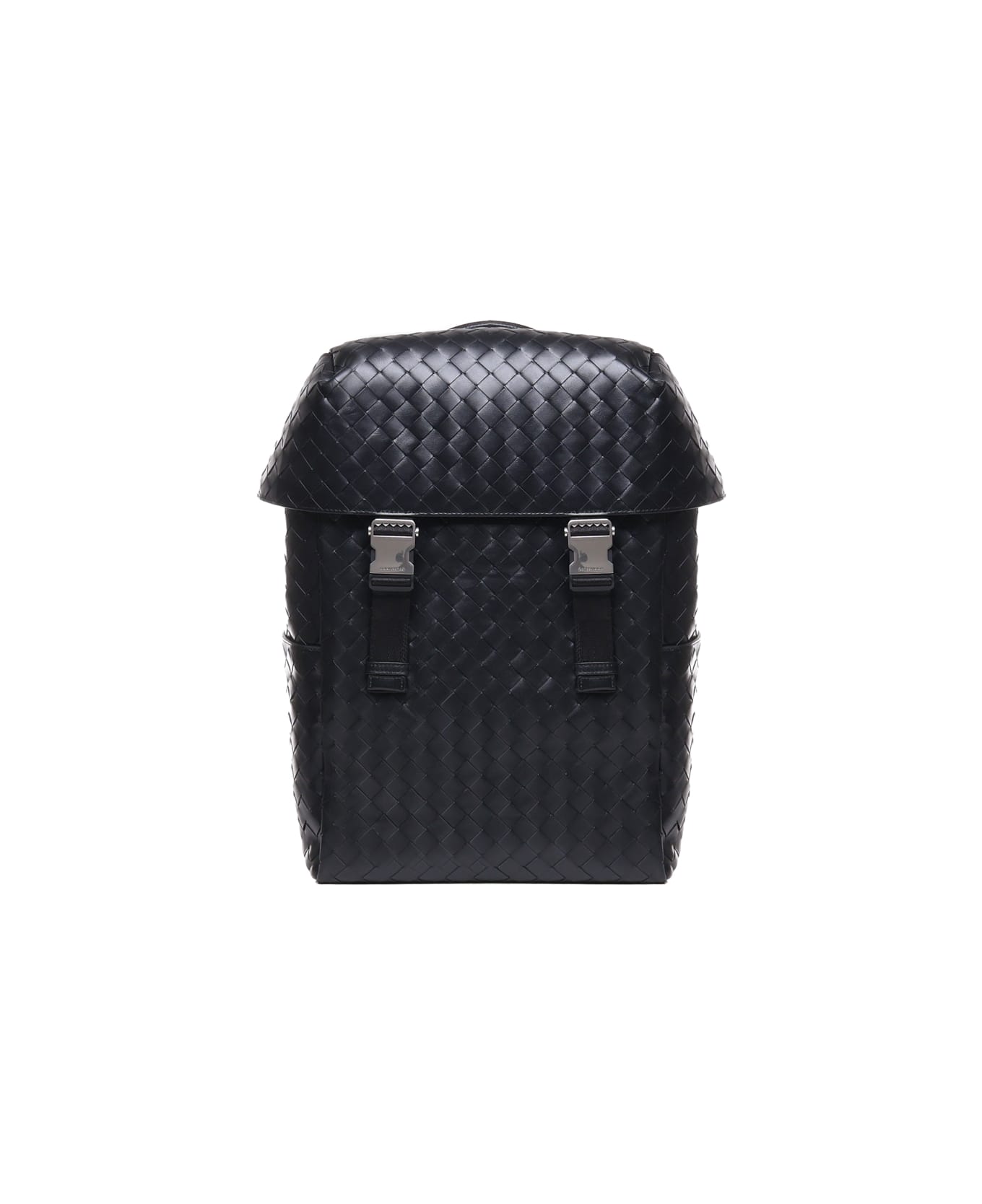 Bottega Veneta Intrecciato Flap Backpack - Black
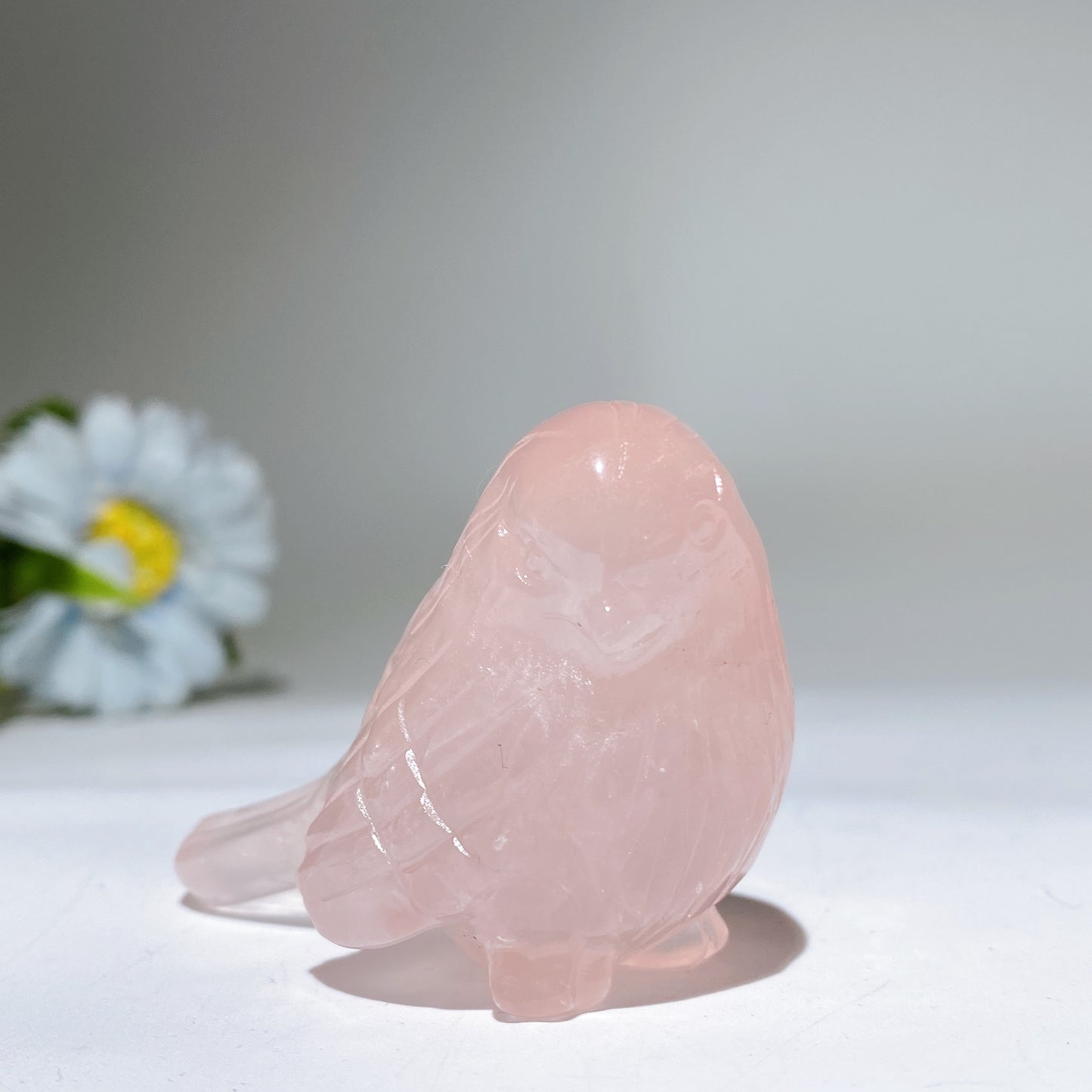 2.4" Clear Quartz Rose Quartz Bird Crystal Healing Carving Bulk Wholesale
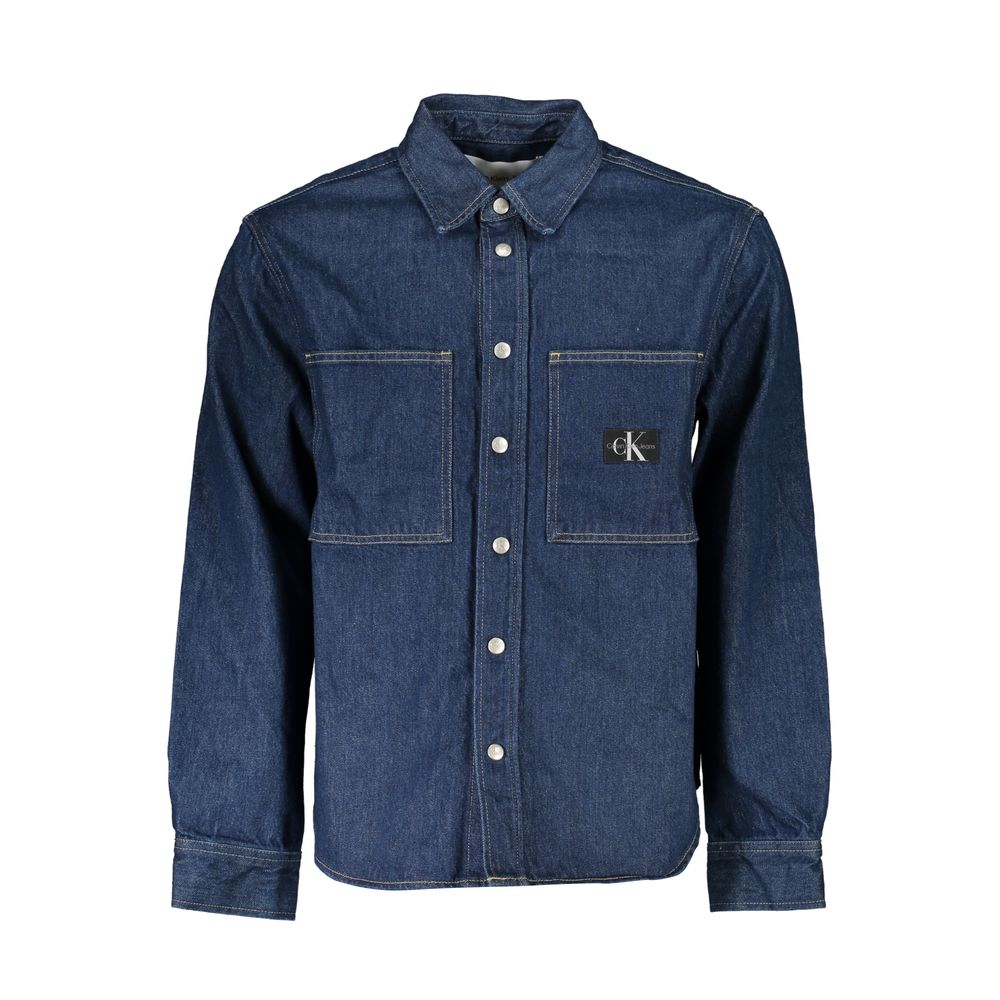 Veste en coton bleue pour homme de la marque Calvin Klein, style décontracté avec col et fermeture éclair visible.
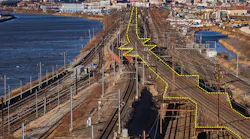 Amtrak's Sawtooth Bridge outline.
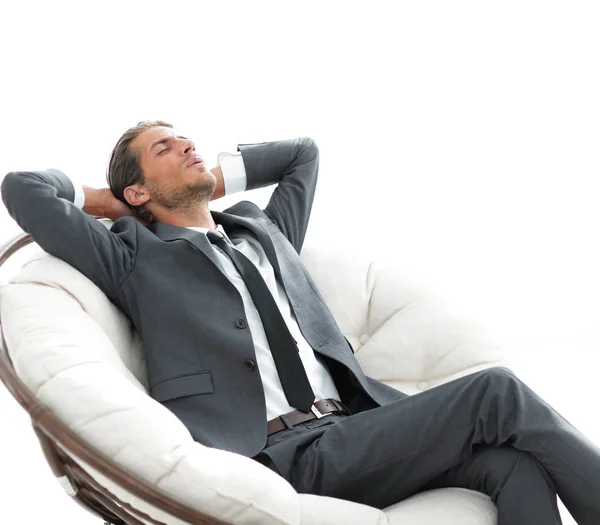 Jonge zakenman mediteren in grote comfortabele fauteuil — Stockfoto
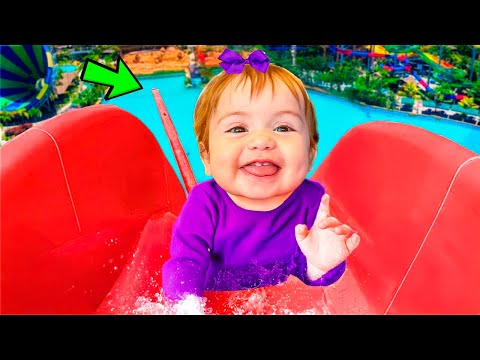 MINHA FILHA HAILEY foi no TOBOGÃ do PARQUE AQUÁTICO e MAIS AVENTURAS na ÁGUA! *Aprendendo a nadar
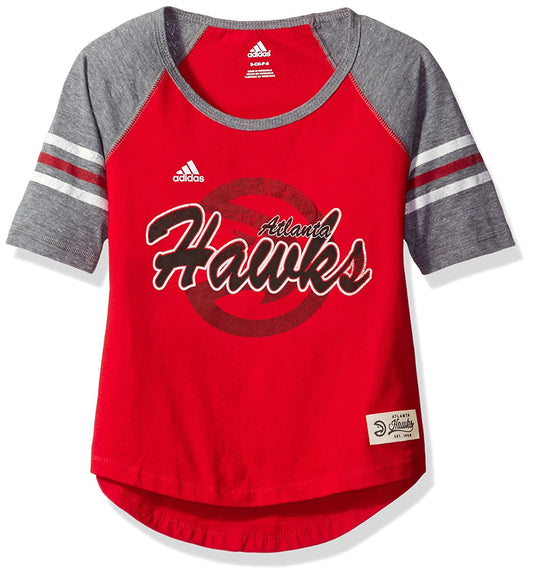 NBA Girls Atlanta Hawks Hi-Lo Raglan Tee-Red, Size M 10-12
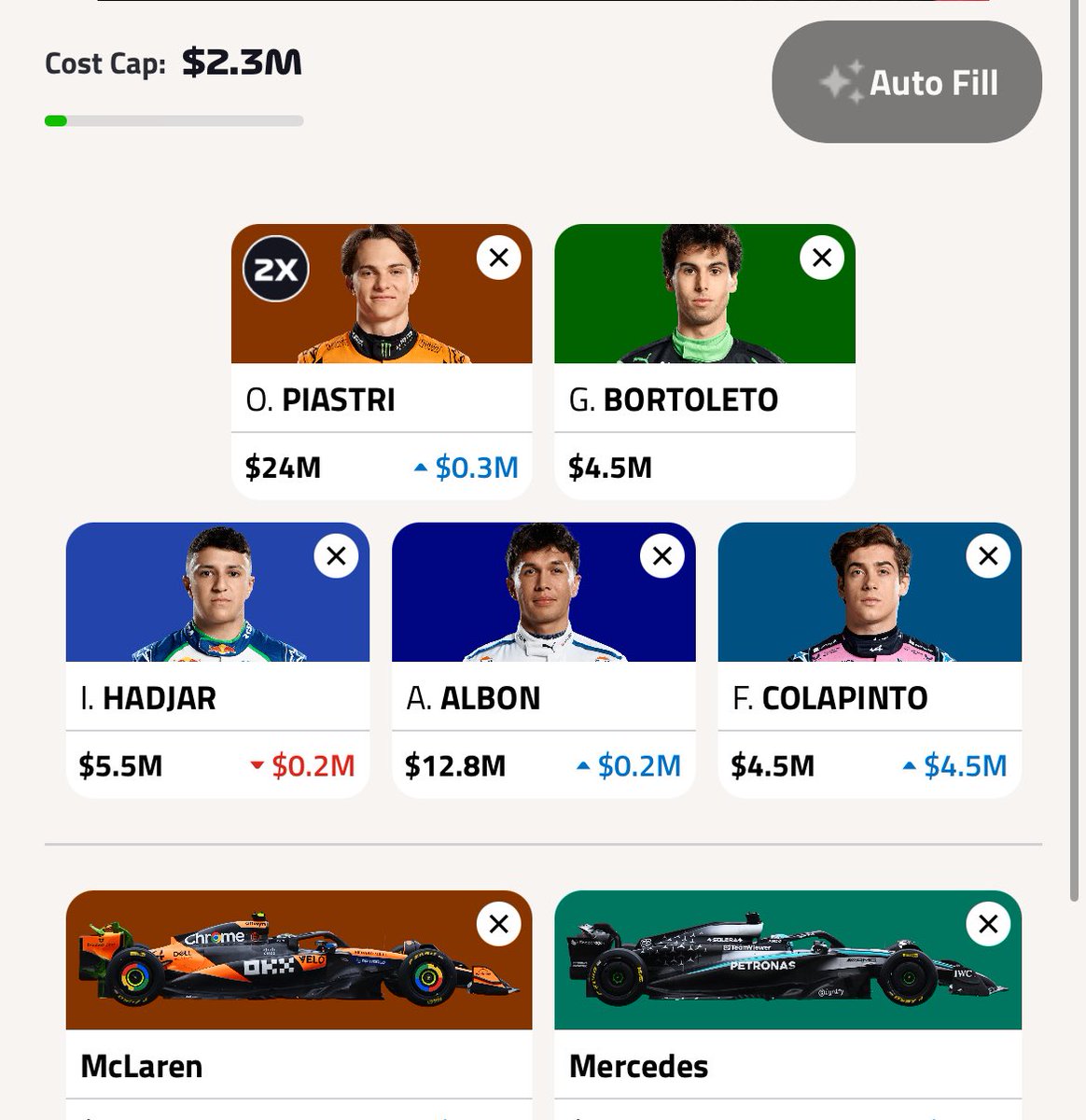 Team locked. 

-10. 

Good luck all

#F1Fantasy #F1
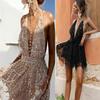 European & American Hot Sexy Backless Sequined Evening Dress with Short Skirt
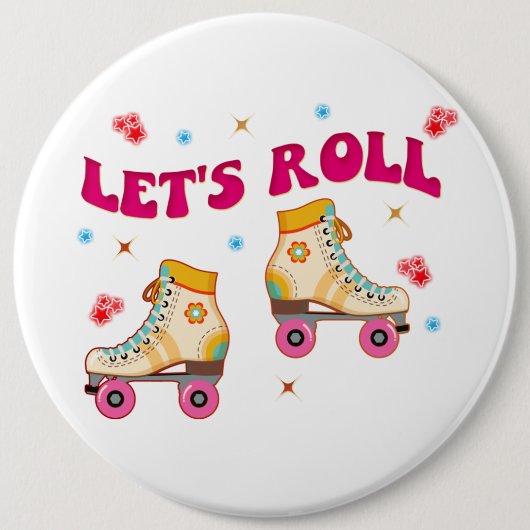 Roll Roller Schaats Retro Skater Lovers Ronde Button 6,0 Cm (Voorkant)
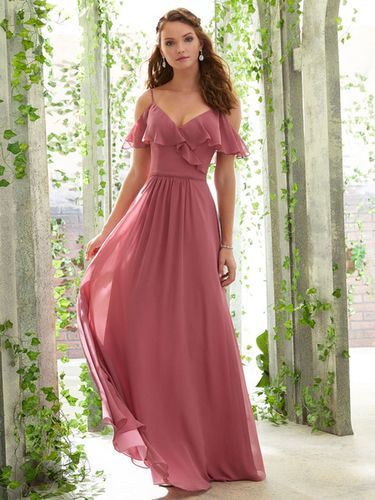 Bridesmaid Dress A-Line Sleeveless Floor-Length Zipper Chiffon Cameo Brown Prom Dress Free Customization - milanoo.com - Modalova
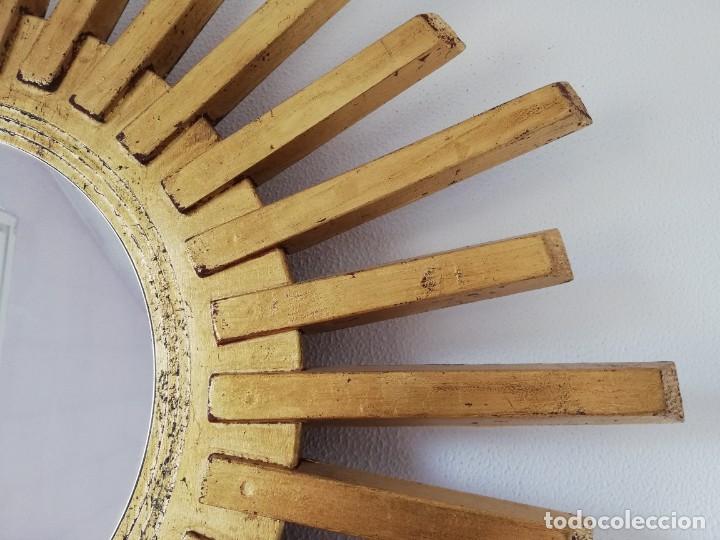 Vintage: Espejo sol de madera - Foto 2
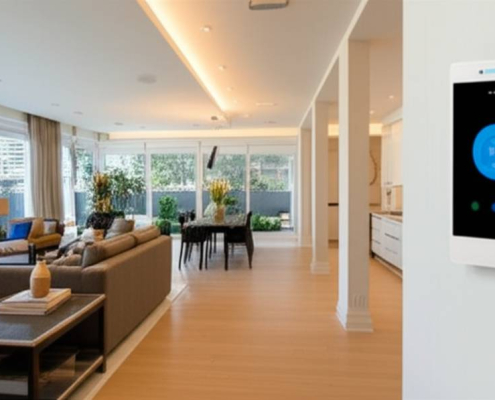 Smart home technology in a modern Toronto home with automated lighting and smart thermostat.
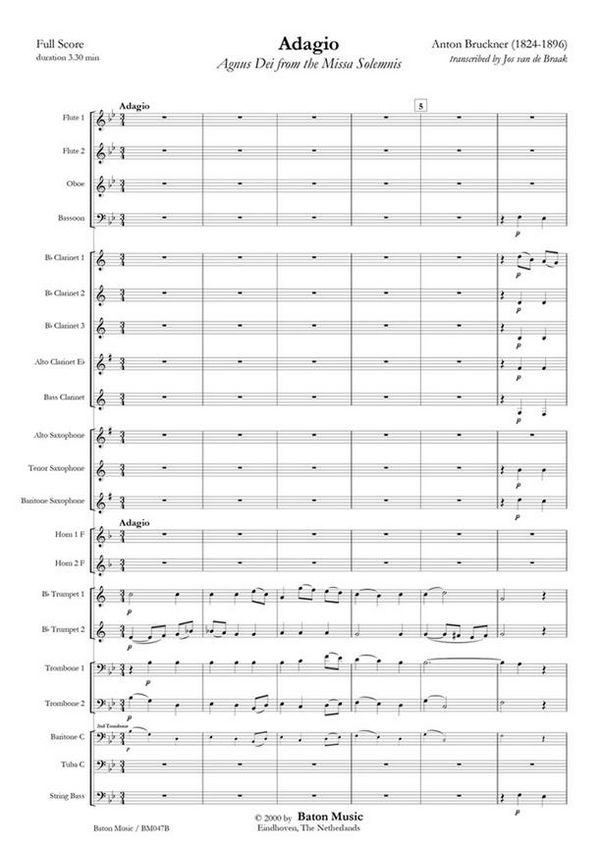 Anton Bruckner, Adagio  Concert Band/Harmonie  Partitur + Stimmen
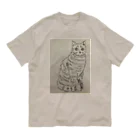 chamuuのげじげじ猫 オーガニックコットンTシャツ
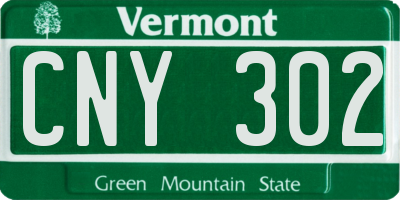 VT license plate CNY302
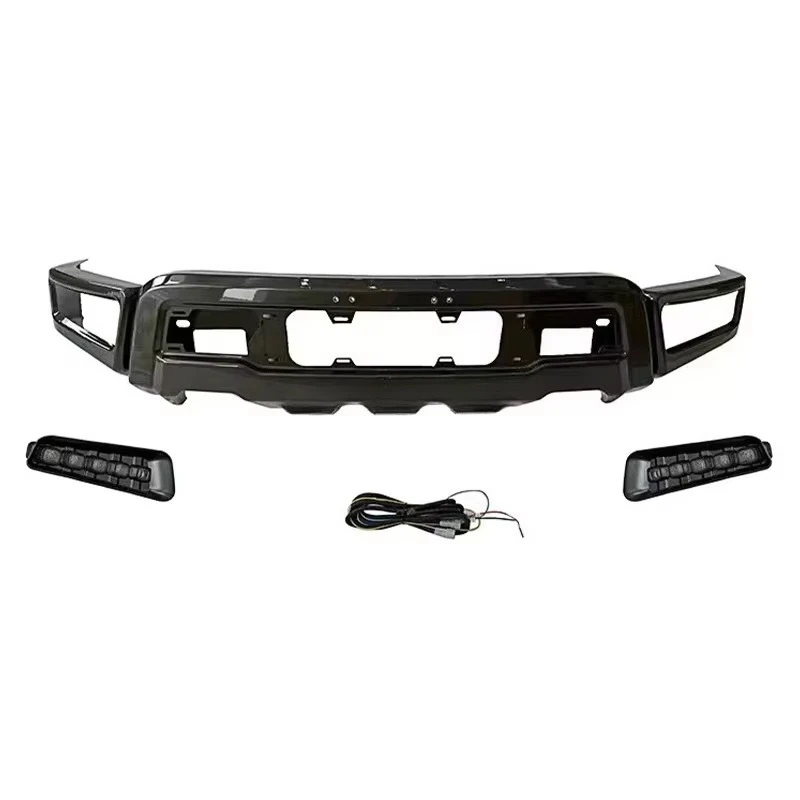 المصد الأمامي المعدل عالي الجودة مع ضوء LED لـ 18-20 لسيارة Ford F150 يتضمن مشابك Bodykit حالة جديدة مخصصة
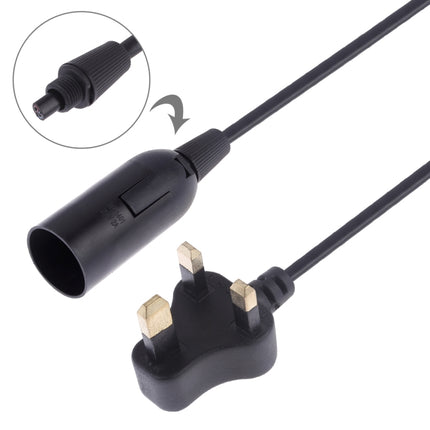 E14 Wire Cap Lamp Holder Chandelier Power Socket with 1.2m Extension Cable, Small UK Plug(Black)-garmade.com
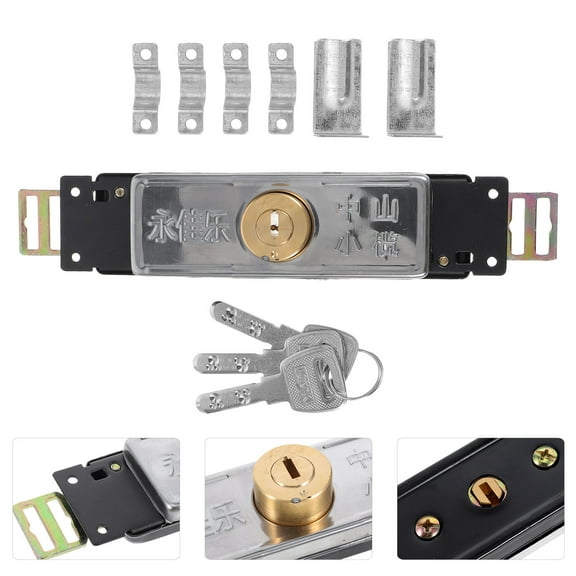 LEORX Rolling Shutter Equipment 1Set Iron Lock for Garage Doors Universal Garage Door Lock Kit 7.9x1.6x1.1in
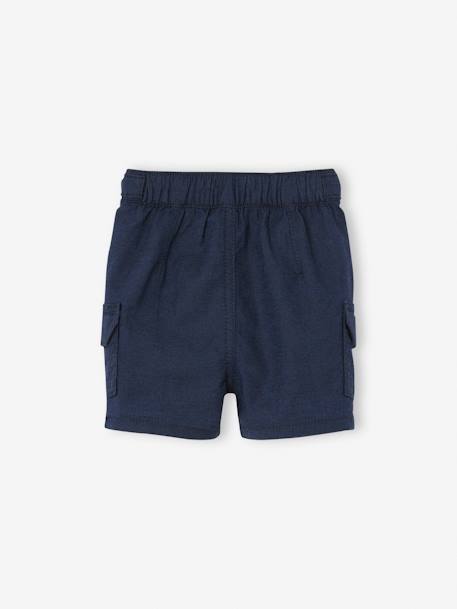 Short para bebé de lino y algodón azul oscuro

**What to produce**:
Extract the full listing above verbatim; pictures are to be left out of the copy.

**Response area**:
 Bottega Veneta Intrecciato Flap Backpack - Black
 2.4" Clear Quartz Rose Quartz Bird Crystal Healing Carving Bulk Wholesale
 Veste en coton bleue pour homme de la marque Calvin Klein, style décontracté avec col et fermeture éclair visible.
 Amtrak's Sawtooth Bridge outline.
 Jonge zakenman mediteren in grote comfortabele fauteuil — Stockfoto
 MINHA FILHA HAILEY foi no TOBOGÃ do PARQUE AQUÁTICO e MAIS AVENTURAS na ÁGUA! *Aprendendo a nadar
 NBA Girls Atlanta Hawks Hi-Lo Raglan Tee-Red, Size M 10-12
 Team locked. 

-10. 

Good luck all

#F1Fantasy #F1
 European & American Hot Sexy Backless Sequined Evening Dress with Short Skirt
 Roll Roller Schaats Retro Skater Lovers Ronde Button 6,0 Cm (Voorkant)
 Bridesmaid Dress A-Line Sleeveless Floor-Length Zipper Chiffon Cameo Brown Prom Dress Free Customization - milanoo.com - Modalova
 Vintage: Espejo sol de madera - Foto 2
 Smart home technology in a modern Toronto home with automated lighting and smart thermostat.
 Anton Bruckner, Adagio  Concert Band/Harmonie  Partitur + Stimmen
 chamuuのげじげじ猫 オーガニックコットンTシャツ
 VT license plate CNY302
 المصد الأمامي المعدل عالي الجودة مع ضوء LED لـ 18-20 لسيارة Ford F150 يتضمن مشابك Bodykit حالة جديدة مخصصة
 E14 Wire Cap Lamp Holder Chandelier Power Socket with 1.2m Extension Cable, Small UK Plug(Black)-garmade.com
 LEORX Rolling Shutter Equipment 1Set Iron Lock for Garage Doors Universal Garage Door Lock Kit 7.9x1.6x1.1in
 Short para bebé de lino y algodón azul oscuro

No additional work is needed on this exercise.